O analista ambiental e chefe do Núcleo de Gestão Integrada (NGI) São Luís, Rogério Funo, destaca a programação como resultado de integração entre o Instituto Chico Mendes (ICMBio) e a comunidade. “Eles têm o protagonismo de fato, e a partir das conversas a gente vai sugerindo de que forma colocar as oficinas e palestras, que vão de acordo com o que se espera, sempre buscando a temática do peixe-boi-marinho e da conservação de manguezais como o fio condutor”, diz.
Um dos destaques do festival foi a apresentação dos resultados do protocolo PEMOPE (Pescadores e Pescadoras Monitores de Peixe-Boi), uma experiência pioneira de monitoramento comunitário em áreas de águas escuras, desenvolvida desde 2019. O projeto surgiu durante os estudos para criação da Resex Baía do Tubarão, com o objetivo de integrar o conhecimento ecológico local aos esforços científicos de conservação da espécie, considerada “em perigo” pelo Livro Vermelho da Fauna Brasileira Ameaçada de Extinção (MMA, 2022).
A analista ambiental e chefe substituta do Centro Nacional de Pesquisa e Conservação da Sociobiodiversidade Associada a Povos e Comunidades Tradicionais (CNPT), Anna Karina, frisou a importância das parcerias no sucesso do evento e das pesquisas. “O CNPT está agregando outros centros de pesquisas que tem expertise no tema e trazendo a questão das mobilizações e das estratégias junto às comunidades tradicionais, promovendo o monitoramento comunitário em uma área em que há um déficit de dados, que é justamente essa área de águas escuras”, indica.

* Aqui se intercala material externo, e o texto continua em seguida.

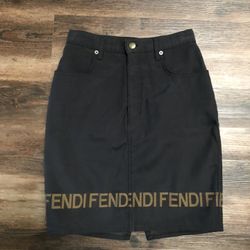 Fendi Jean Skirt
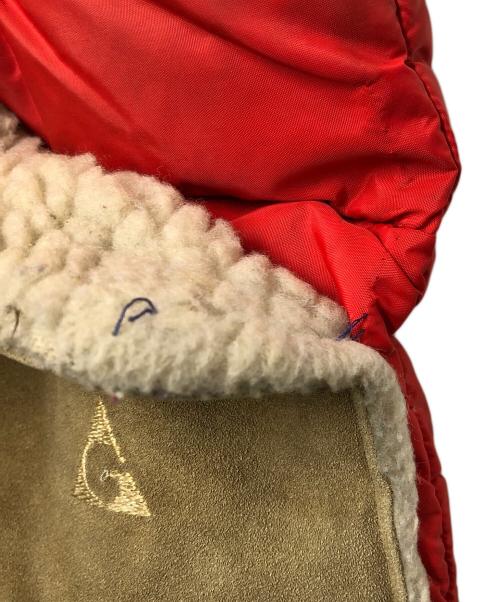 GERRY（ジェリー）GERRY (ジェリー) ダウンベスト レッド×ベージュ サイズ:不明の古着・服飾アイテム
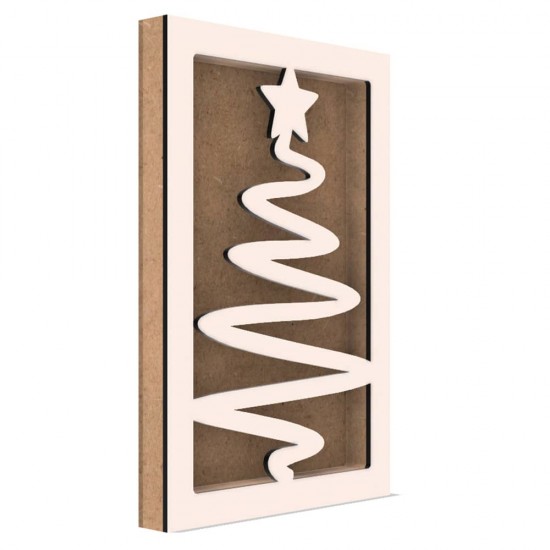 Rama din MDF pentru Muschi sau Licheni - Brad - B5 - 298x198x26 mm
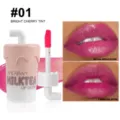 Handaiyan milk tea cup lip gloss #01 bright cherry tint waterproof matte liquid lipstick. - #01 Bright Cherry Tint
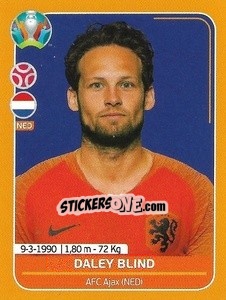 Sticker Daley Blind - UEFA Euro 2020 Preview. 528 stickers version n. NED9 - Panini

A chefe substituta concluiu dando luz à centralidade do trabalho comunitário para a qualificação da coleta de dados e avanço de mapeamentos e estudos. “Os moradores são os guardiões do território, têm o saber, têm um conhecimento do local que possibilita essas informações e esse acúmulo de dados da espécie”, finalizou.
O projeto é uma parceria entre o ICMBio, por meio dos Centros Nacionais de Pesquisa e Conservação: CNPT, de Mamíferos Aquáticos (CMA), da Biodiversidade Marinha do Nordeste (CEPENE), da própria comunidade da Ilha do Gato, além de universidades e organizações não governamentais.
O protocolo
O PEMOPE estrutura-se em quatro fases — implantação, operação, consolidação e expansão — e tem como base o envolvimento direto dos pescadores artesanais na coleta de dados sobre a presença e comportamento dos peixes-boi durante suas atividades cotidianas. As informações são registradas por meio de planilhas adaptadas, envio de áudios por aplicativos de mensagem, vídeos e fotografias. Entre outubro de 2019 e junho de 2024, foram registrados 287 avistamentos de peixes-boi na região, sendo 18 filhotes e 74 ocorrências de animais em grupo.

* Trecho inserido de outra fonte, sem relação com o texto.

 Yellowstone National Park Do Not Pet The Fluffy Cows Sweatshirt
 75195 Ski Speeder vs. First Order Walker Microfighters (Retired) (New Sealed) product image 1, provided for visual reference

O maior grupo avistado continha oito indivíduos, observado em janeiro de 2020. As áreas com maior frequência de avistamento incluem a Ponta do Chapéu, Ponta Verde e Croa do Tenente. O monitoramento considera os saberes locais, respeita o anonimato dos participantes e é dissociado de ações de fiscalização, garantindo a segurança dos voluntários e a autonomia da comunidade.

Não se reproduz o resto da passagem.